Tuesday, 7 April 2009

The Atrocity Exhibition - J G Ballard

There had been one or two hints in the work Ballard produced prior to this tour de force of what was to come. But they can be seen mostly with hindsight. The clues were more to be found in his short stories which were becoming astonishingly condensed – simple language resonating so much with the zeitgeist that sentence could convey whole chapters of meaning.

Eventually he began work on the short stories/chapters/condensed novels that make up this truly astonishing work of fiction. Short, formalised scenes that play over and over with compounding variations that build up a multi-layered, four-dimensional nightmare. The obsessions of the characters reflect the obsessions of the world in which they live. And although they were of a particular time, it would be possible to substitute Vietnam with Iraq or Afghanistan, the celebrities of the ‘70s with iconic figures of today, and our obsession with the motor car has never gone away. Indeed, the notion of ‘crash’ has taken on an extra resonance in today’s financial meltdown.

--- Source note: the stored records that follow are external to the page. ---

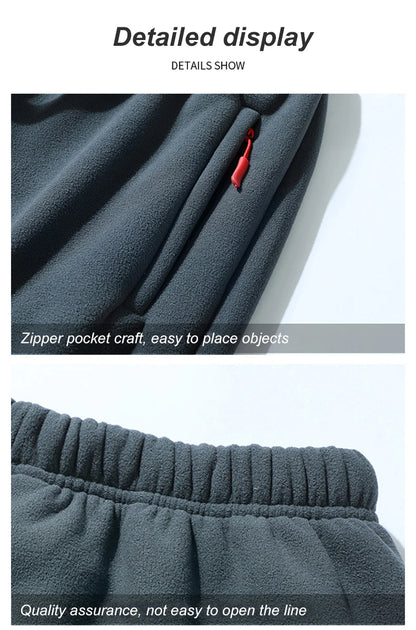 8XL Men's Down Pants Plus Size Winter Plus Velvet Thick Loose Cotton Pants Big Size Solid Color Warm Lamb Down Casual Sweatpants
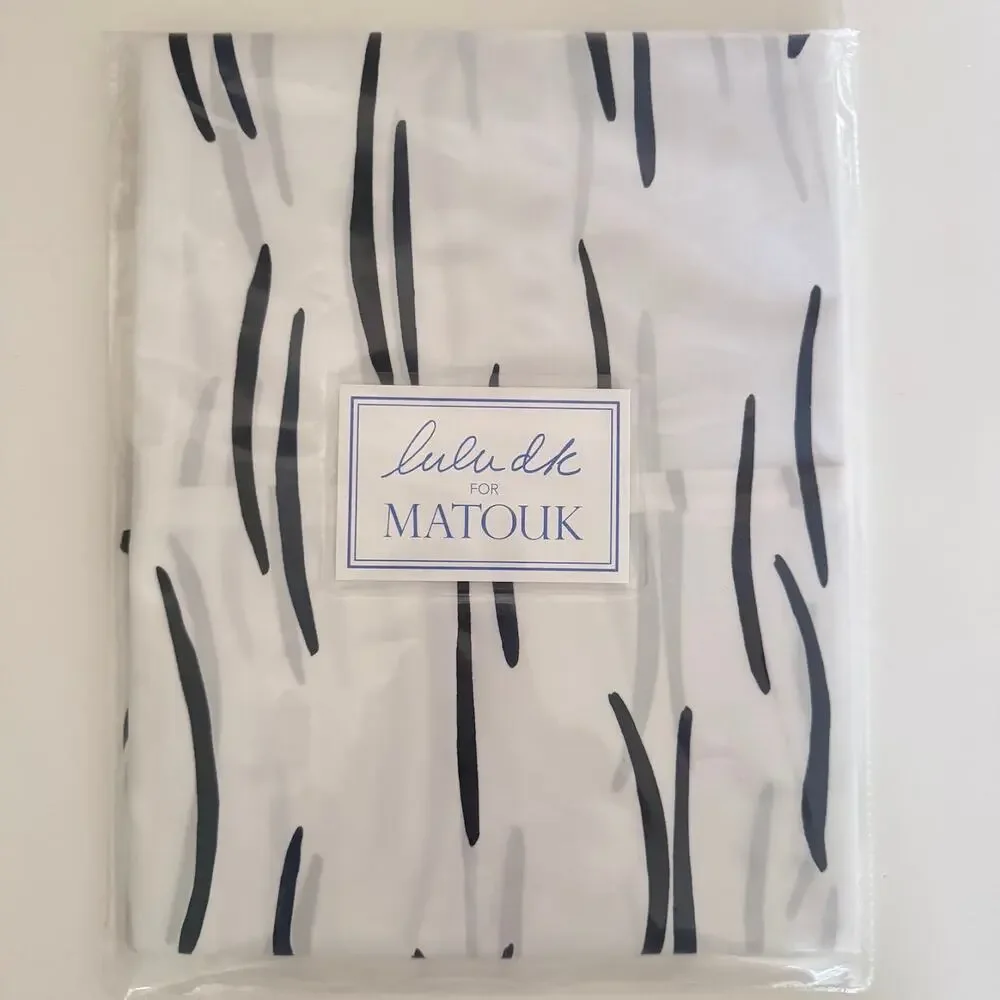 Lulu DK Matouk Abstract Brushstroke Standard Sham NEW (irregular) Factory Store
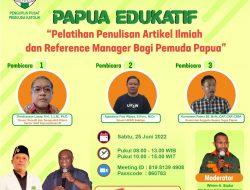 Tenaga Ahli Utama Kantor Staf Presiden Jadi Pembicara Papua Educatif Pemuda Katolik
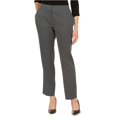 thumbnail image 2 of Pantalones Kasper Pindot Casual para mujer, negro, 2P, 2 of 2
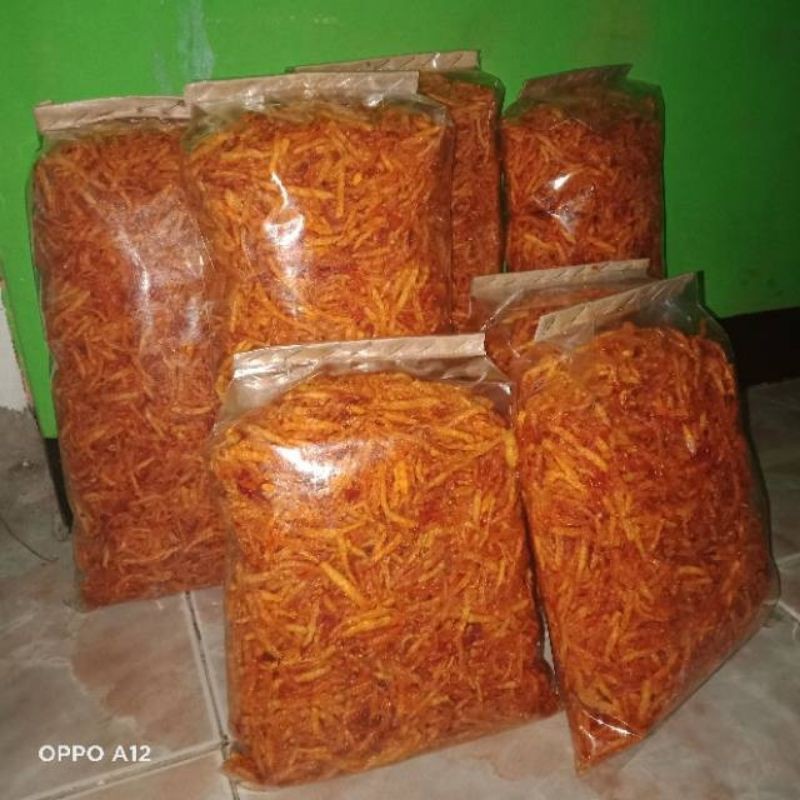 

Kentang Mustofa Kriuk 100 gram / Kering Kentang Murah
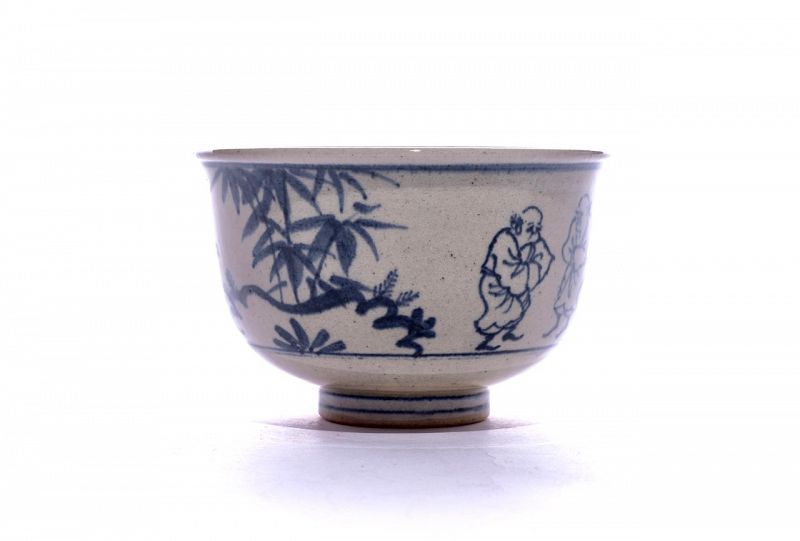 Zeze-yaki Tea Bowl from Kageroen Kiln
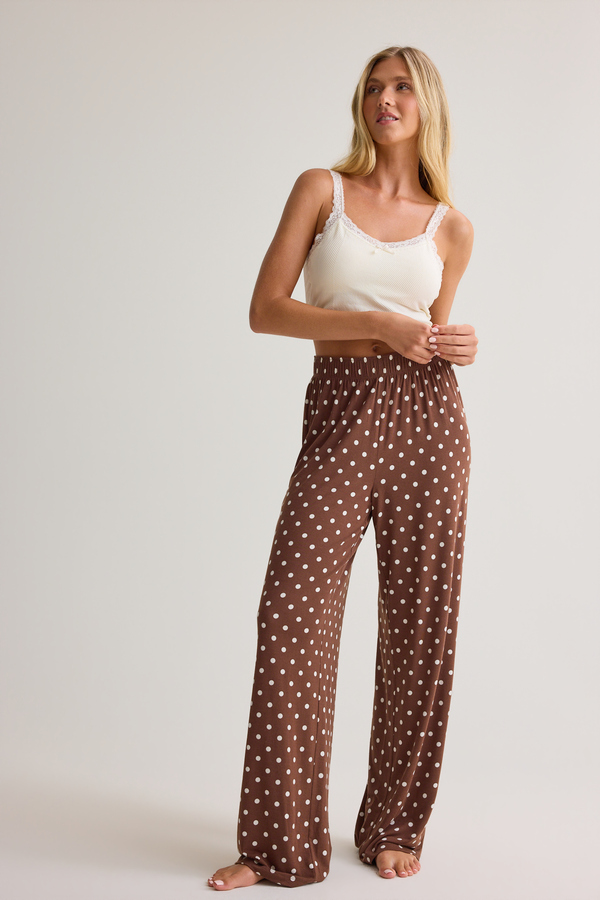 Charlotte Polka Dot Lounge Pants Detail 2 - Altar'd State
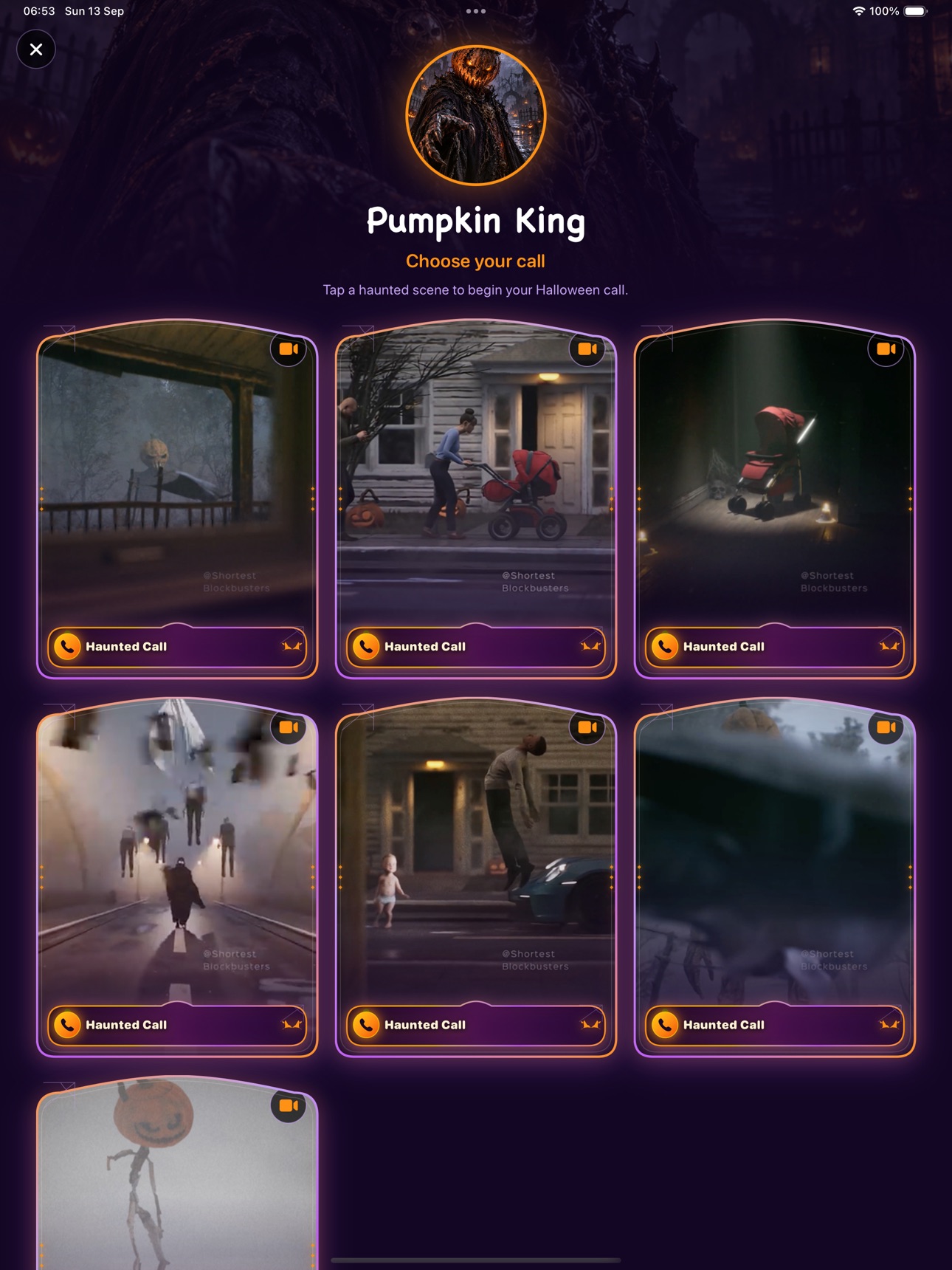 Screenshot 11 of Halloween: Spooky Video Calls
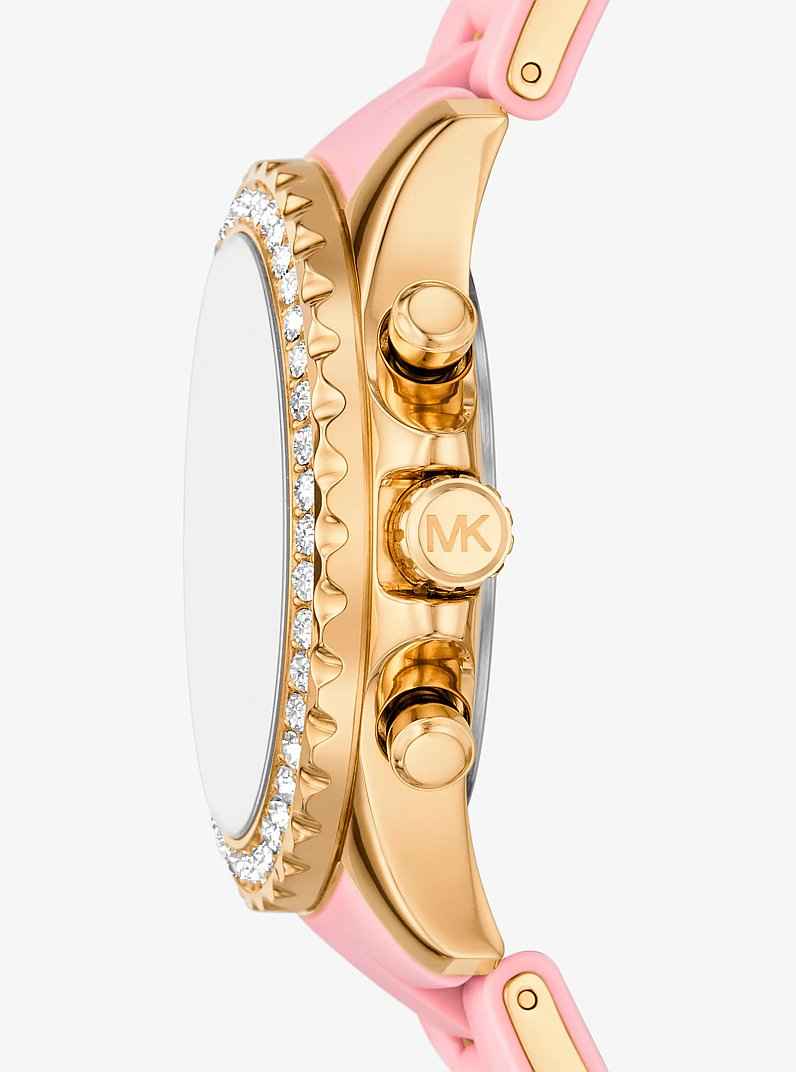 Michael Kors Everest MKO1134 Women's Gold Stainless Steel Watch 40mm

I’m not sure calling this work experimental (as some do) is useful. Ballard has perfected the form. His use of imagery, the language of sociological reportage, and the layered building of characters is as powerful as in any other major literary work of the twentieth century. The fact that Ballard chose to confront taboos and use a fractured form (perfectly in keeping with the subject matter and the society it examined) merely heightens the experience.

However, this is not an easy read. It requires concentration and an acceptance that there are more ways to tell a story than there are stories. Certainly anyone interested in writing and in what heights English literature is capable of scaling (rather than the tired literati clones we are saddled with today) has to read Ballard.